Yes indeedy! As an archaeologist, I'm a material culture heavyweight, so I have to be very aware of describing things in minute detail - it's my day job, after all; it's what I do naturally. Very possibly, in my writing, I've gone the other way and have too light a touch. I'm not sure. But I do actually like a good sense of period in the stories I read. However, archaisms are not welcome, neither is crossing the status boundary line without a second thought. I don't necessarily like stories which are essentially timeless. Faber goes onto praise the winning story in the anthology as being able to be set in Iraq, as much as at Agincourt. I'm hoping that the story (when I manage to get hold of it ...) will also sweep me away with its brilliance, whatever the setting.


At 3:45 pm GMT, Blogger Gabriele C. said...

Of course, he has a point when it comes to overdoing the material culture and background. But if I read a historical fiction story, I want enough of it that I feel it is taking place at Agincourt, and not Iraq. That goes not only for the material culture but also for the characters. A knight at Azincourt should not be interchangeable with an American officer in Iraq.

If I want to read about Iraq I can read mainstream.

At 4:41 pm GMT, Blogger Alex Bordessa said...

It's likely that Faber means the war-is-hell-theme. But to check that out, I really want to see the story he's referring to. I think the man in the story is a common soldier.

At 6:17 pm GMT, Blogger Gabriele C. said...

Lol, yep war is hell, and in some way there are similarities fe. between the Iraq war and the fights at the Hadrian's Wall. But the culture, the characters as product of their culture, are different. What is common to both settings is human suffering and grief. But the way people deal with grief is different for a Roman and an American, for a Pict and an Iraqi.

Sometimes you can use a psychological detail from a modern setting and work it into the historical context. I blogged about it here.

Read the story and tell us if it works. :-)

At 8:16 pm GMT, Blogger Alex Bordessa said...

I realise the differences, but does Faber? That's why I want to read the story; it seems to have won because of the 'Iraq' aspect, but that may be what Faber brought to the judging, rather than what the author intended.

The characters I write about have a radically different attitude to war and fighting than I have, for example. My day-to-day handling of materials (and indeed bodies) from the distant past also re-inforces the differences :-)

At 11:08 pm GMT, Blogger Gabriele C. said...

Yep, overall my characters take fighting and war as part of their life.

Julius Pollineus who abhors violence is an exception (I bet those existed back then), and while Horatius doesn't mind killing men in a punitive expeition, he doesn't like to kill women and children. But pietas was an acceptable Roman virtue and Horatius has a reason to show clemency towards victims after the emperor pardoned him during the trial of Horatius' family for plotting his murder (Horatius didn't take part in it, but Hadrian can't be sure about that).

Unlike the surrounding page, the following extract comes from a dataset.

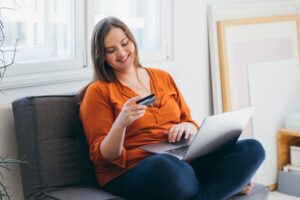 Smiling Woman Shopping Online Using her Laptop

So, the bodies you find have met a violent death for the most? Cloven skulls and arrowheads in the chest area? ;-)

At 8:28 am GMT, Blogger Alex Bordessa said...

I recently blogged about having the decapitated bodies resident in my house for a couple of days ;-) But the point is, I handle the material, see the buildings (or parts thereof), so it's a constant reminder to me the past was different.

At 9:57 am GMT, Blogger Carla said...

Hopefully what Faber means is that the story is applicable to or has parallels with the modern war, as in the blog post Gabriele linked (thanks for the link, Gabriele). As opposed to being a story about the modern war played by people in period costume. Perhaps you'll tell us your verdict if/when you get a chance to read the story?

At 12:36 pm GMT, Blogger Alex Bordessa said...

I'm presuming that is what Faber meant too :-)

At 4:15 pm GMT, Blogger Gabriele C. said...

I remember that post. I wonder if there's a theory (or theories) why they had been decapitated.